Rich fools, however, do not appear only in parables. They also appear in real life.
On one notable occasion Jesus met one. He was a wealthy young man, and his interview with our Lord is both familiar and classic. It was an interview that plainly disclosed the Savior’s striking capacity to probe beneath the issues men raise–in order that He might reach the issues they should have raised.
The disciples as usual were with Him. And they stood to profit immensely from the exchange, which they are allowed to overhear. Indeed, Jesus makes sure that they do profit by His direct dealing with the problems which the encounter raised for them. In the process He achieves -as He so often did- a double result.

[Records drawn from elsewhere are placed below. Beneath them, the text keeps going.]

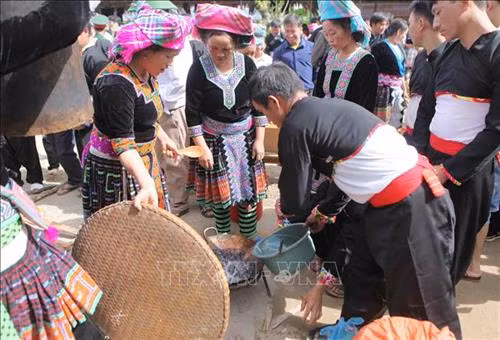 Cho nước vào chảo để nấu sao cho khi gạo chín mà không bị cạn và không quá nhiều để không mất nhiều thời gian đồ xôi. Ảnh: Quý Trung - TTXVN Lót chõ xôi sao cho không để gạo lọt xuống dưới và không để nước trào lên gạo để cho xôi khi chín mềm dèo để khi giã bánh giầy đạt chất lượng tốt nhất. Ảnh: Quý Trung - TTXVN Sau khi chõ xôi bốc hơi các thành viên khiêng cối ra chuẩn bị cho hội thi giã bánh giầy. Ảnh: Quý Trung – TTXVN Các thành viên của các đội tập trung cho lửa cháy đều để gạo chín nhanh có thể giã được bánh giầy nhanh nhất. Ảnh: Quý Trung – TTXVN Các thành viên của các đội tập trung cho lửa cháy đều để gạo chín nhanh có thể giã được bánh giầy nhanh nhất. Ảnh: Quý Trung – TTXVN Các thành viên của các đội tập trung che chắn cho lửa cháy đều để gạo chín đều và nhanh nhất có thể để giã được bánh giầy nhanh nhất. Ảnh: Quý Trung – TTXVN Đồ xôi chuẩn bị nguyên liệu để giã bánh giầy. Ảnh: Quý Trung - TTXVN Các chị em lấy lòng đỏ trứng gà xoa đều vào các vật dụng để khi giã bánh giầy không bị dính và nhanh nhất lại đẹp. Ảnh: Quý Trung – TTXVN Các chị em lấy lòng đỏ trứng gà xoa đều vào các vật dụng để khi giã bánh giầy không bị dính và nhanh nhất lại đẹp. Ảnh: Quý Trung – TTXVN Các chị em chuẩn bị các vật dụng để giã bánh giầy. Ảnh: Quý Trung – TTXVN Đồ xôi chuẩn bị nguyên liệu giã bánh giầy. Ảnh: Quý Trung - TTXVN Các đội đồ xôi chuẩn bị nguyên liệu giã bánh giầy. Ảnh: Quý Trung - TTXVN Các thành viên của các đội tập trung giã bánh giầy thật nhanh cho bánh có độ kết dính dẻo. Ảnh: Quý Trung – TTXVN Niềm vui của các thành viên sau khi đội đã giã xong cho ra sản phẩm là những chiếc bánh thơm ngon nhất. Ảnh: Quý Trung - TTXVN Các thành viên của các đội tập trung giã bánh giầy thật nhanh cho bánh có độ kết dính dẻo. Ảnh: Quý Trung – TTXVN Các đội tập trung nặn những chiếc bánh giầy vừa tròn vừa đẹp. Ảnh: Quý Trung - TTXVN Ban giám khảo chấm điểm bánh giầy của các đội tại hội thi. Ảnh: Quý Trung – TTXVN Cho nước vào chảo để nấu sao cho khi gạo chín mà không bị cạn và không quá nhiều để không mất nhiều thời gian đồ xôi. Ảnh: Quý Trung - TTXVN Lót chõ xôi sao cho không để gạo lọt xuống dưới và không để nước trào lên gạo để cho xôi khi chín mềm dèo để khi giã bánh giầy đạt chất lượng tốt nhất. Ảnh: Quý Trung - TTXVN Sau khi chõ xôi bốc hơi các thành viên khiêng cối ra chuẩn bị cho hội thi giã bánh giầy. Ảnh: Quý Trung – TTXVN Các thành viên của các đội tập trung cho lửa cháy đều để gạo chín nhanh có thể giã được bánh giầy nhanh nhất. Ảnh: Quý Trung – TTXVN Các thành viên của các đội tập trung cho lửa cháy đều để gạo chín nhanh có thể giã được bánh giầy nhanh nhất. Ảnh: Quý Trung – TTXVN Các thành viên của các đội tập trung che chắn cho lửa cháy đều để gạo chín đều và nhanh nhất có thể để giã được bánh giầy nhanh nhất. Ảnh: Quý Trung – TTXVN Đồ xôi chuẩn bị nguyên liệu để giã bánh giầy. Ảnh: Quý Trung - TTXVN Các chị em lấy lòng đỏ trứng gà xoa đều vào các vật dụng để khi giã bánh giầy không bị dính và nhanh nhất lại đẹp. Ảnh: Quý Trung – TTXVN Các chị em lấy lòng đỏ trứng gà xoa đều vào các vật dụng để khi giã bánh giầy không bị dính và nhanh nhất lại đẹp. Ảnh: Quý Trung – TTXVN Các chị em chuẩn bị các vật dụng để giã bánh giầy. Ảnh: Quý Trung – TTXVN Đồ xôi chuẩn bị nguyên liệu giã bánh giầy. Ảnh: Quý Trung - TTXVN Các đội đồ xôi chuẩn bị nguyên liệu giã bánh giầy. Ảnh: Quý Trung - TTXVN Các thành viên của các đội tập trung giã bánh giầy thật nhanh cho bánh có độ kết dính dẻo. Ảnh: Quý Trung – TTXVN Niềm vui của các thành viên sau khi đội đã giã xong cho ra sản phẩm là những chiếc bánh thơm ngon nhất. Ảnh: Quý Trung - TTXVN Các thành viên của các đội tập trung giã bánh giầy thật nhanh cho bánh có độ kết dính dẻo. Ảnh: Quý Trung – TTXVN Các đội tập trung nặn những chiếc bánh giầy vừa tròn vừa đẹp. Ảnh: Quý Trung - TTXVN Ban giám khảo chấm điểm bánh giầy của các đội tại hội thi. Ảnh: Quý Trung – TTXVN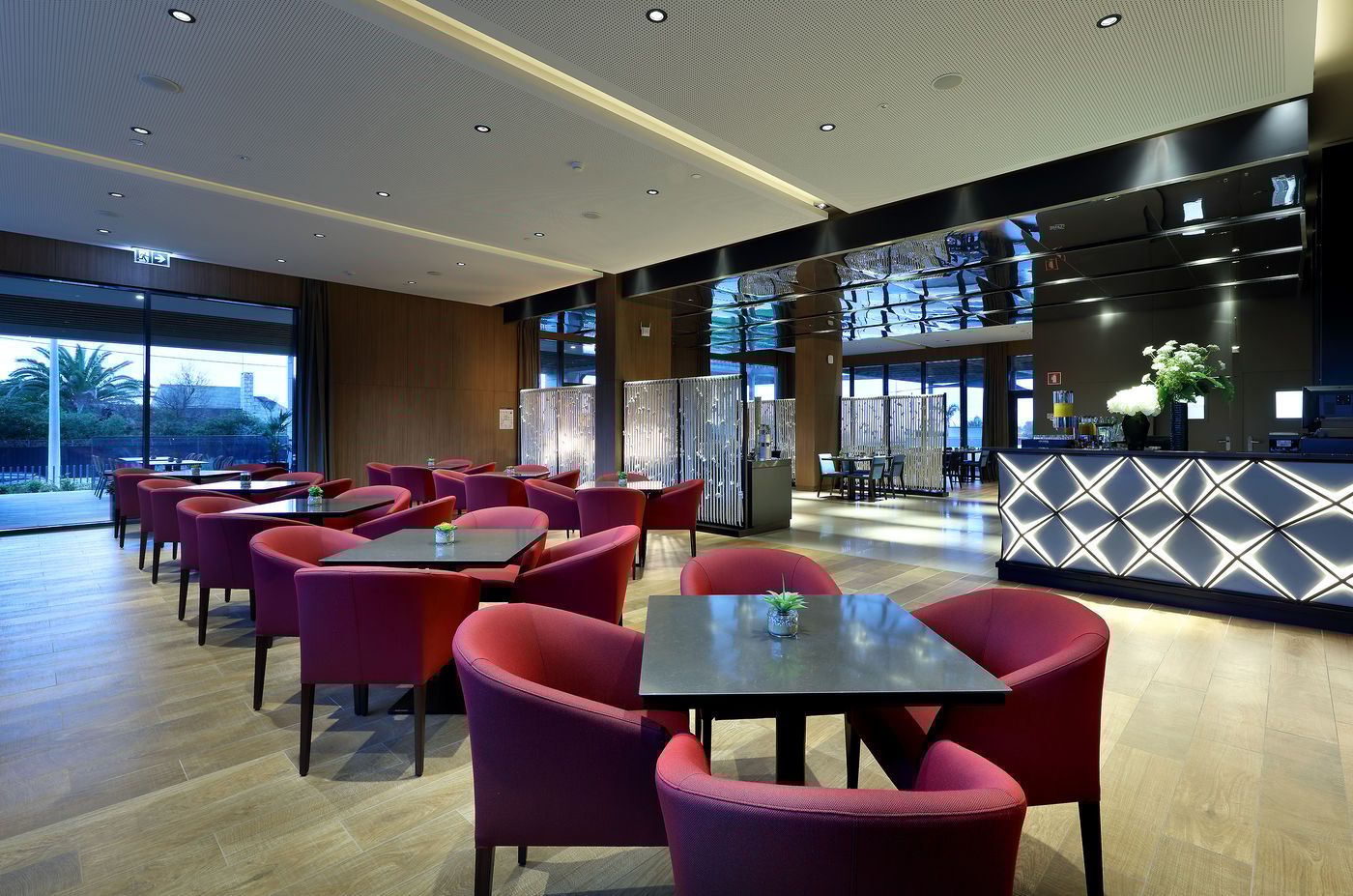 Eurostars-Cascais-Lobby-6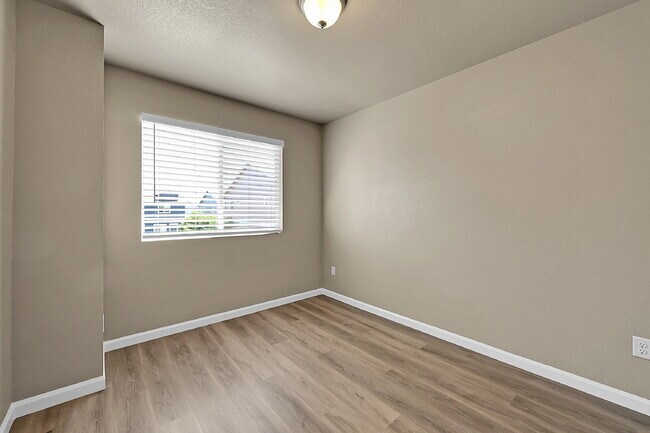 Building Photo - $1,995-3 Bed 3.5 Bath townhome in CO Sprin...
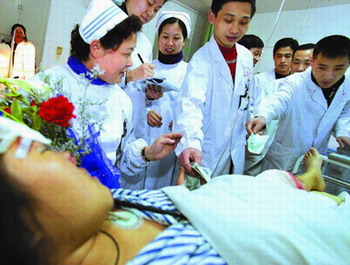 少女不愿卖淫跳楼受重伤 好心人为其捐助医疗费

On the one hand, He softens the ground in the young man’s heart in order to prepare it for the seed of the simple gospel of His saving grace. On the other hand, He drives home to the disciples important truths about heavenly treasure.
The Young Man’s Question
According to the account given in the Gospel of Mark, the interview began when the ruler reached Jesus on the run. Though he is only called “young” by Matthew (19:22), the eagerness of youth is apparent in this hasty form of approach. Perhaps, then, there was a breathless quality to his words when he said,
Good Teacher, what shall I do that I may inherit eternal life? (Mark 10:17).
The question plainly reflects the typical Jewish perspective. According to common Jewish theology of that time, eternal life was a privilege that belonged to the age to come. Moreover, it could be acquired only by those whom God deemed worthy to have it. The man’s choice of the word “inherit” simply underscored this perception of things. That was a word which the rabbis often used to describe the meritorious acquisition of bliss in the future world.1
No wonder, then, that the young man thought he must do something to get eternal life. In fact, in Matthew’s account the adjective “good” is added to the question: “What good thing must I do . . .?” (Matt. 19:16.)
The Jewish outlook was both right and wrong. It was quite true that when eternal life was perceived as an acquisition in the age to come it could only be meritoriously obtained. In that respect Jewish thought was not misguided. But that was only half the story.
There remained a severe problem. Man was a sinner. He stood under divine condemnation. If he could acquire eternal life only at some future day -and only on the basis of his merits- then his situation was hopeless. He could, in fact, never acquire it at all.
But the coming of Jesus Christ into the world shed light on this issue in a fresh way. As Paul was later to say, He “brought life and immortality to light through the gospel” (2 Tim. 1:10). What was always latent in the Old Covenant revelation -what was there in shadowy form- was now brilliantly illuminated by the incarnation of the Son of God and by the gospel message which He proclaimed.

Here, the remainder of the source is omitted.